What you should do:
Copy the data exactly as it appears, and do not include any pictures.

Material provided:
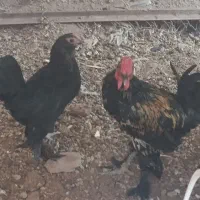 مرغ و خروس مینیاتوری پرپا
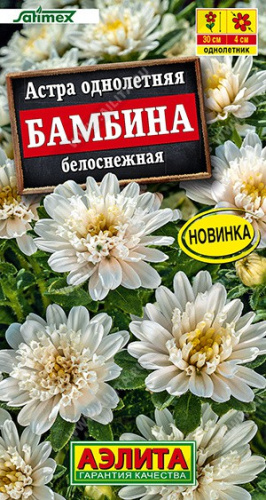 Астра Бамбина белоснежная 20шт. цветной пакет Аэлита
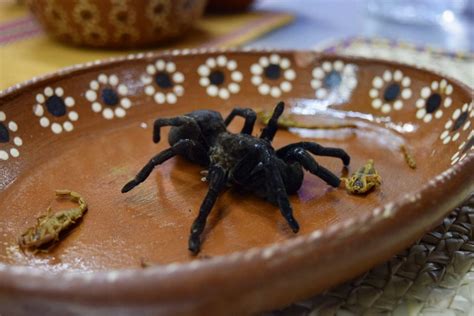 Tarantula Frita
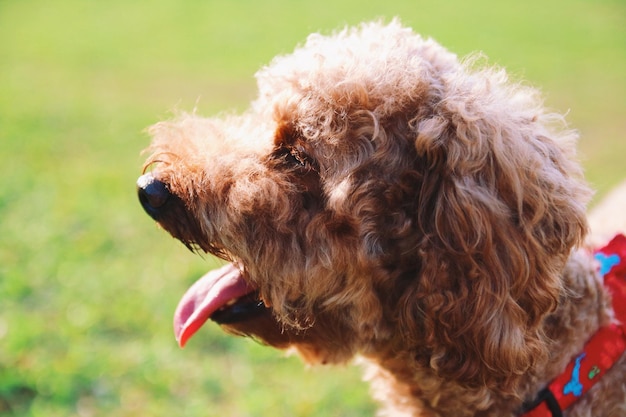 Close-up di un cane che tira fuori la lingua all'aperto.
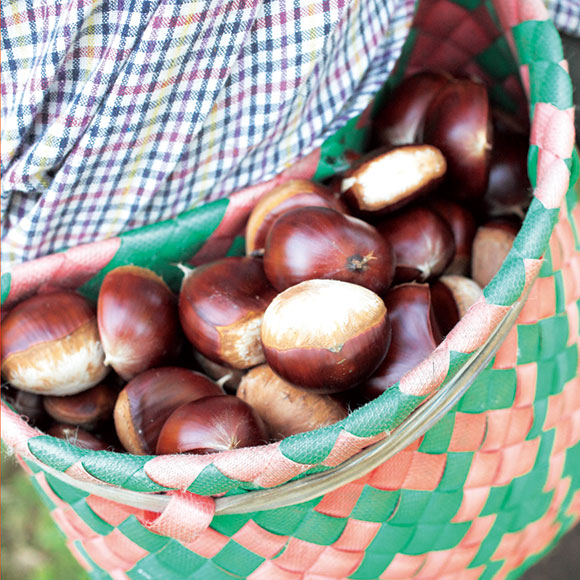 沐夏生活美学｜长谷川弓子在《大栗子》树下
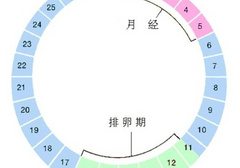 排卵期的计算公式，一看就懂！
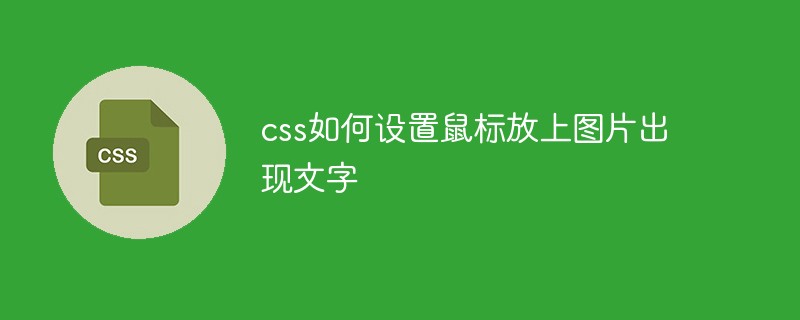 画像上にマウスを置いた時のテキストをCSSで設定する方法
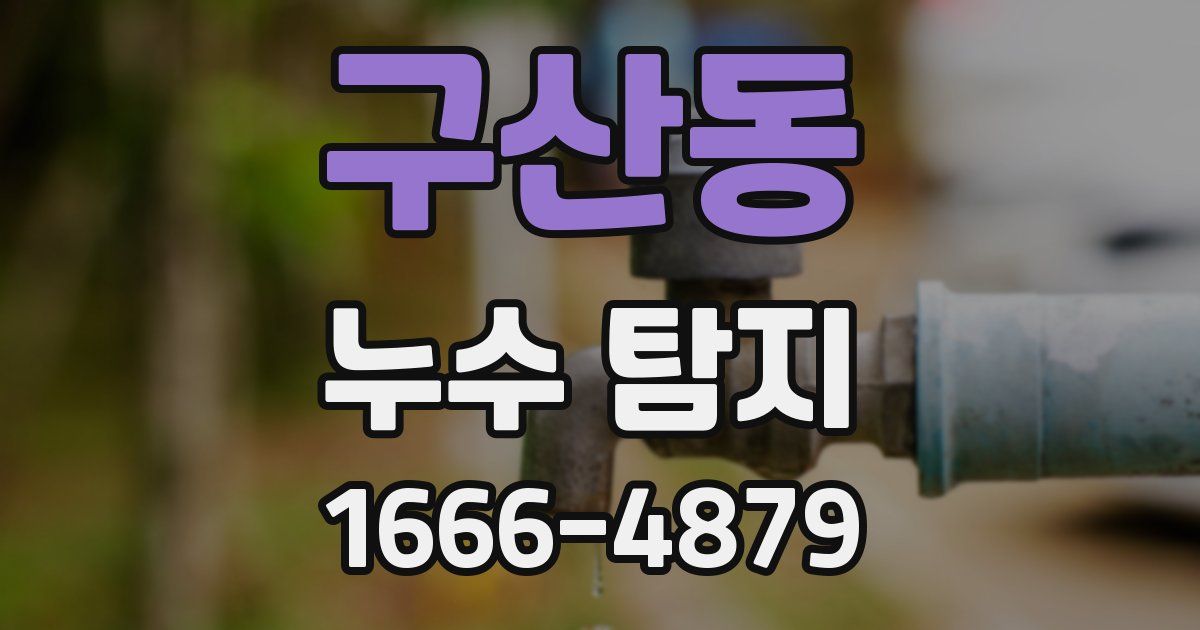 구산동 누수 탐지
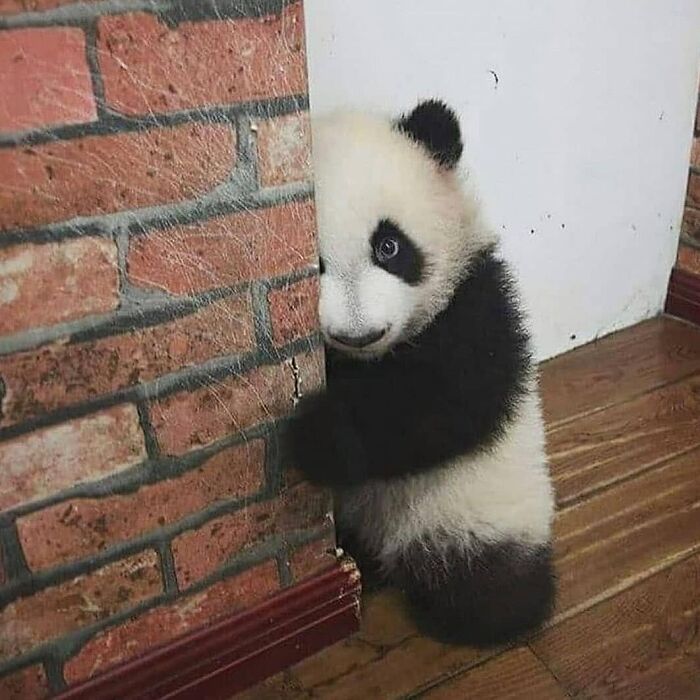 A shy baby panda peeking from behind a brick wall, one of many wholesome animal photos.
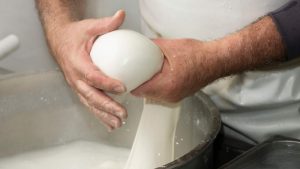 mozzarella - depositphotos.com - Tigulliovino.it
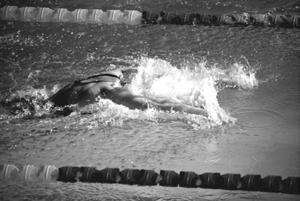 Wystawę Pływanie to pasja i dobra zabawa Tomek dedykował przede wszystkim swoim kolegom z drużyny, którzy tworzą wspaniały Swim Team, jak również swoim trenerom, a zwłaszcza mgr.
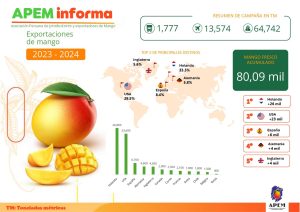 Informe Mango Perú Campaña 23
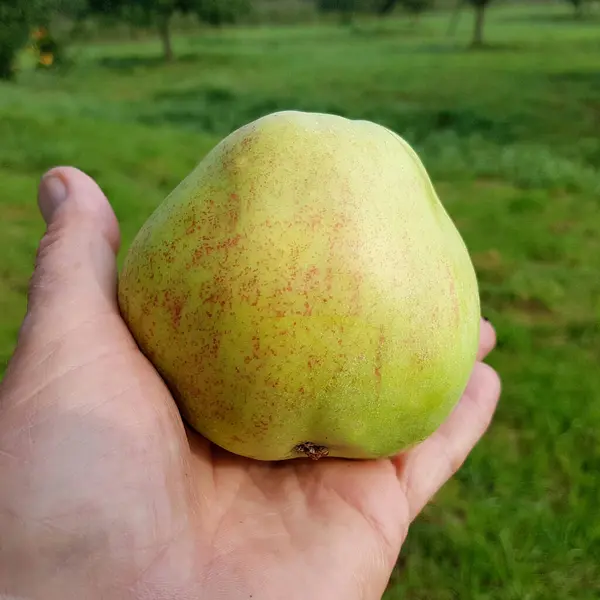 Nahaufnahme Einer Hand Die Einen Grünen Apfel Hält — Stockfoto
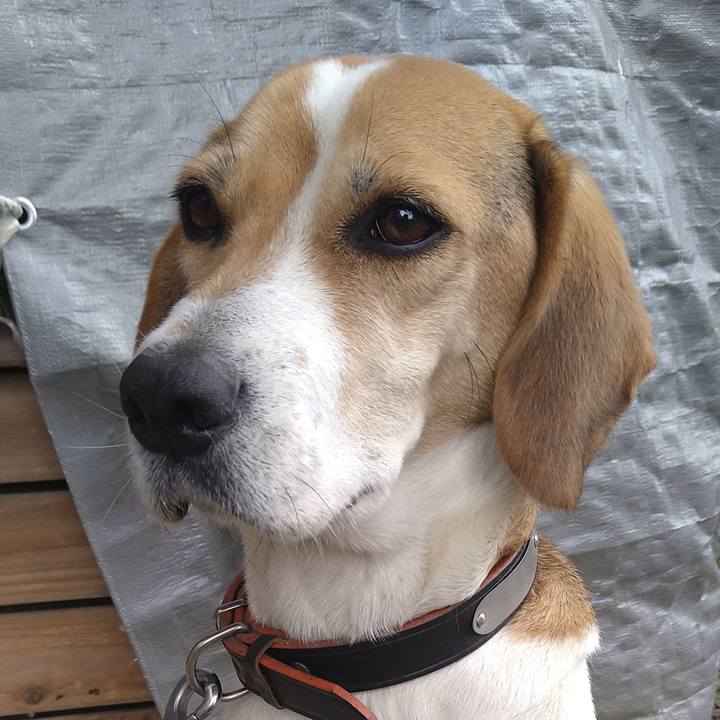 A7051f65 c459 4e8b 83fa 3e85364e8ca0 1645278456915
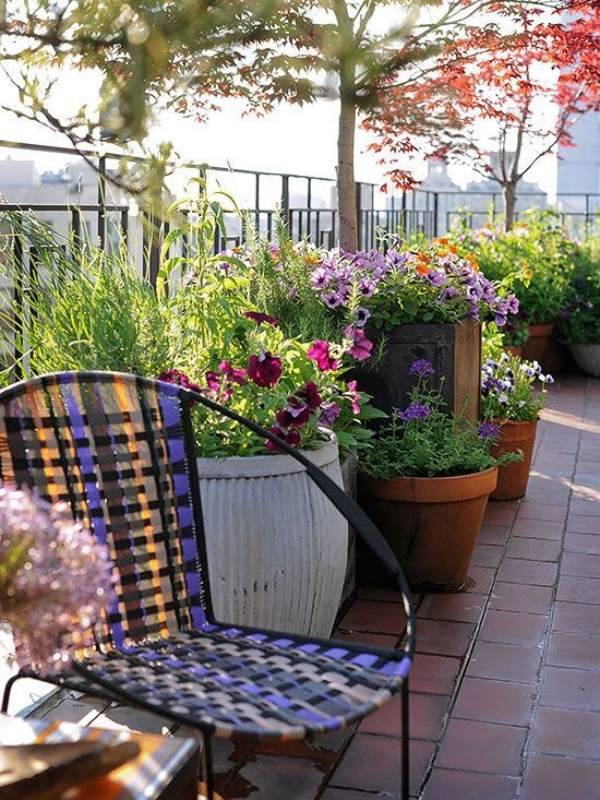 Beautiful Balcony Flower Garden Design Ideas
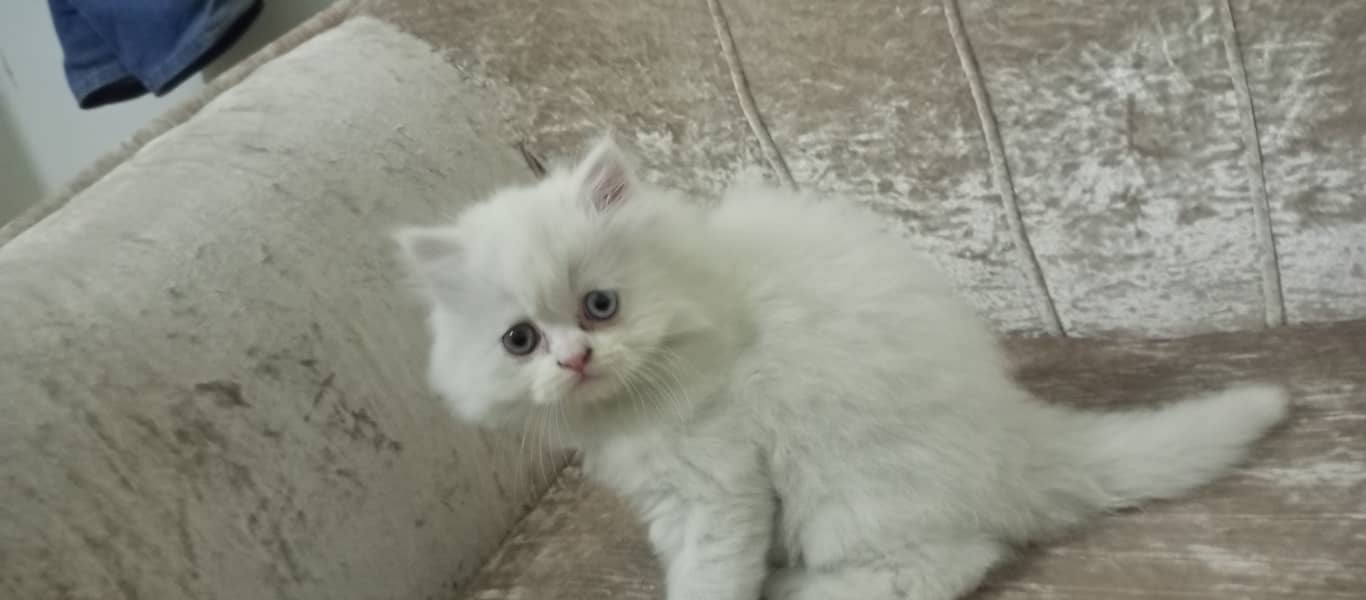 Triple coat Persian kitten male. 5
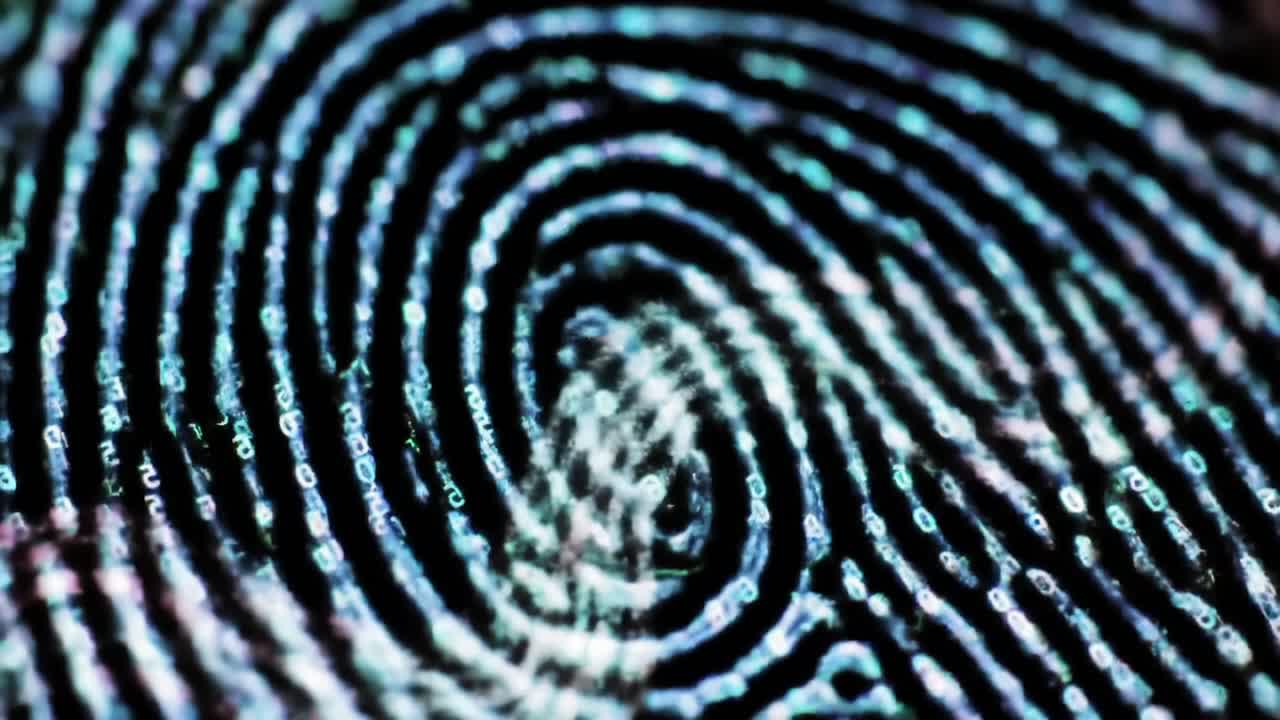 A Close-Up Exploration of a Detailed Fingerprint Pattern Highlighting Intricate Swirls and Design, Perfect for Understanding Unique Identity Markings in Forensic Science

Answer to this problem:
 مرغ و خروس مینیاتوری پرپا
 Астра Бамбина белоснежная 20шт. цветной пакет Аэлита
 Tarantula Frita
 Close-up di un cane che tira fuori la lingua all'aperto.
 沐夏生活美学｜长谷川弓子在《大栗子》树下
 排卵期的计算公式，一看就懂！
 画像上にマウスを置いた時のテキストをCSSで設定する方法
 구산동 누수 탐지
 A shy baby panda peeking from behind a brick wall, one of many wholesome animal photos.
 mozzarella - depositphotos.com - Tigulliovino.it
 Wystawę Pływanie to pasja i dobra zabawa Tomek dedykował przede wszystkim swoim kolegom z drużyny, którzy tworzą wspaniały Swim Team, jak również swoim trenerom, a zwłaszcza mgr.
 Informe Mango Perú Campaña 23
 Nahaufnahme Einer Hand Die Einen Grünen Apfel Hält — Stockfoto
 A7051f65 c459 4e8b 83fa 3e85364e8ca0 1645278456915
 Beautiful Balcony Flower Garden Design Ideas
 Triple coat Persian kitten male. 5
 A Close-Up Exploration of a Detailed Fingerprint Pattern Highlighting Intricate Swirls and Design, Perfect for Understanding Unique Identity Markings in Forensic Science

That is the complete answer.